You’re late to work and you need your coffee. You stand in what seems like a perpetual line. The person in front of you asks “how’s your day?” What’s the first thought that comes into your mind?

Why is he trying to talk to me?

What does he want from me?

Can he waste someone else’s time?

What do all of these thoughts have in common? You are the center of the sentence. Not literally, but you are the main subject. David Foster Wallace, the author behind “This Is Water” describes this as our default-setting; our initial, unconscious reaction. And it’s a fair habit to think that we are the center of the universe because you are what you know best. But the point in which this idea becomes destructive is when we think we, ourselves, are the best.

Please don’t misinterpret that as being confident and worthy. It’s believing you are better than others and your life has value over others.

That everyone in traffic is ruining your life by slowing you down.

That that guy in your Starbucks is trying to take away from your time.

Where does this hostility come from? What happened to “all for one and one for all”? Well, it’s always been like that if you think about it. How did the first man to walk on earth survive? He had to put himself at the top of the food chain. By asserting your dominance, you get what you want. And now that we, as intelligent beings, have established ourselves at the top of the animal kingdom and no longer fight with the beast, what do we do? We turn on ourselves. We don’t kill each other necessarily but we can easily put others beneath us.

Society functions on norms so that we can easily detect what will disrupt tradition. With tradition, there is security. When we stray away from that, we risk being seen. And when we are seen and noticed, we risk being ridiculed and seen in an undesirable way.

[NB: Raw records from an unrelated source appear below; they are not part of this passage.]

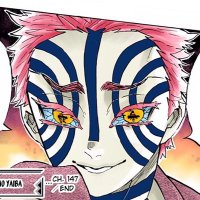 daily akaza (@akazadaily) 's Twitter Profile Photo daily akaza (@akazadaily) 's Twitter Profile Photo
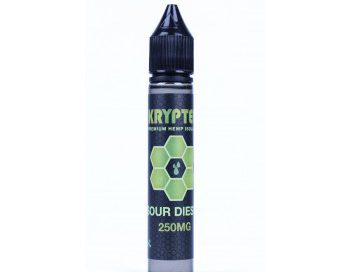 Krypted – Sour Diesel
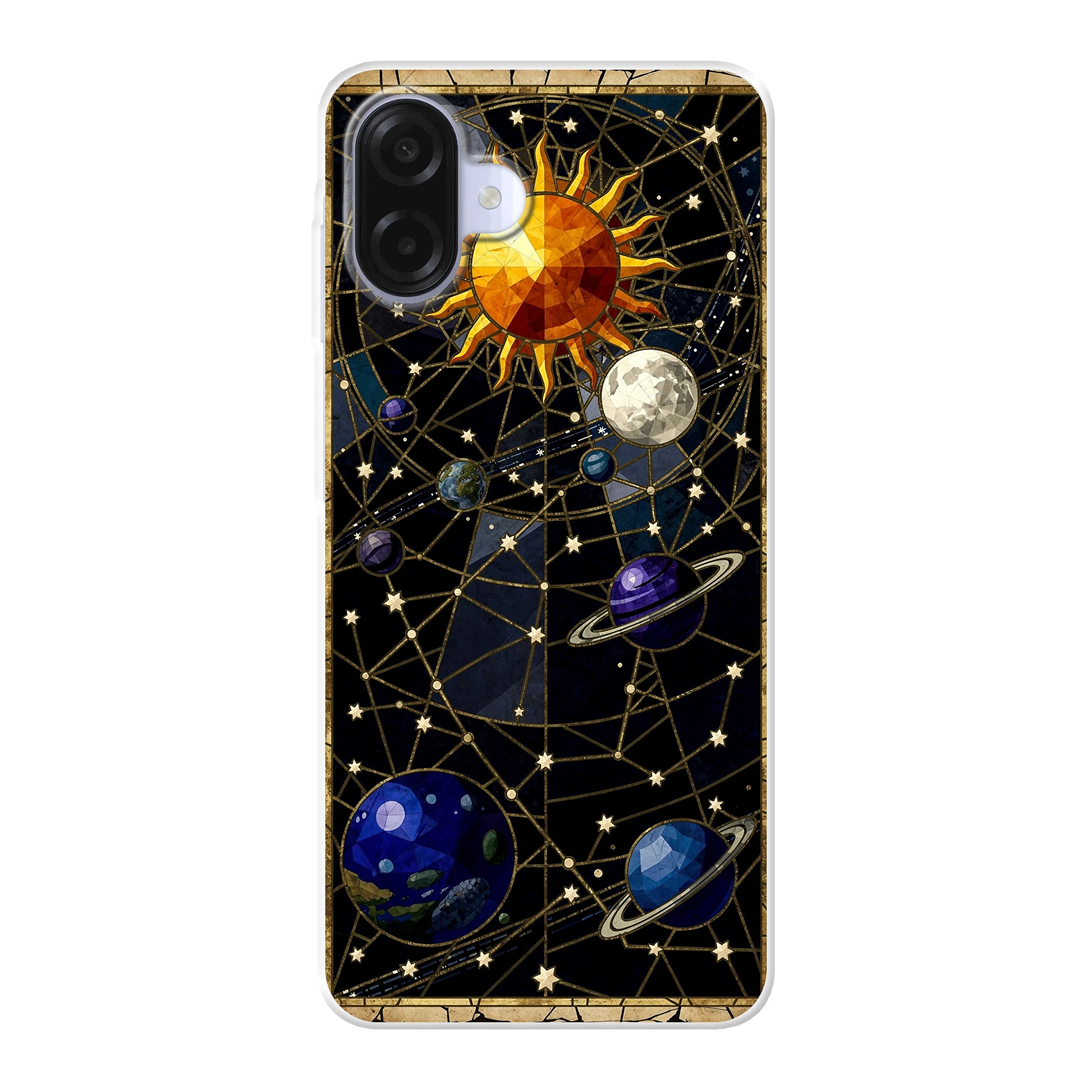 Samsung Galaxy A07 phone case
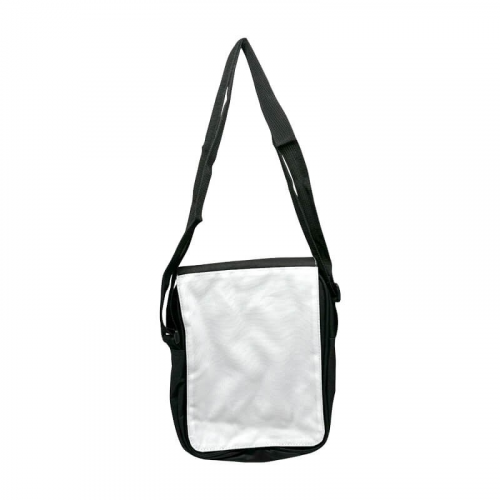 Sublimation shoulder bag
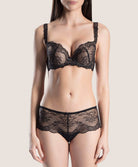 Shorty St-Tropez Danse des sens Aubade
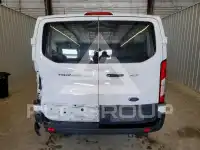 2023 Ford TRANSIT photo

For example, social media allows us to share our lives and thoughts with people near and dear or not so near and dear to us. Some people like to take advantage of it to receive attention they need in order to feel whole. And to those who do that, I’m sorry you feel that way. But at the same time, to each their own. Some people simply want to share their lives. But because we like to have order, even social media has it’s rules of thumb. So it’s so easy to judge:

We get it, you think you’re pretty

Congrats, you look like every other girl trying to get likes

Didn’t you post yesterday? You’re posting way too much

What’s the rule of thumb?

  1. Don’t bother anyone

This is one relevant to today way we reinforce hostility and silence. We don’t want to cross each others’ paths but we mindlessly scroll on our phones. People may feel threatened by their own lack of individuality that they must put in the energy to bring others down to their level or maybe even below them. Or maybe we are taught to only do as you need to and anything more is asking for attention. Or maybe we think everyone has an intention with what they do and share. Maybe we don’t like intentions.

So let’s not bother each other. Don’t talk to me when I’m drinking my coffee. Don’t bother me with your reposts and rants about your thoughts. Who cares? Why would it have any value to me?

Well, you live in a community. You live in a community that is or is not what the people, including you, make of it. And so when you are the center of the universe and you feel no obligation to add to the universe, yet the world is so shitty to you, who is to blame?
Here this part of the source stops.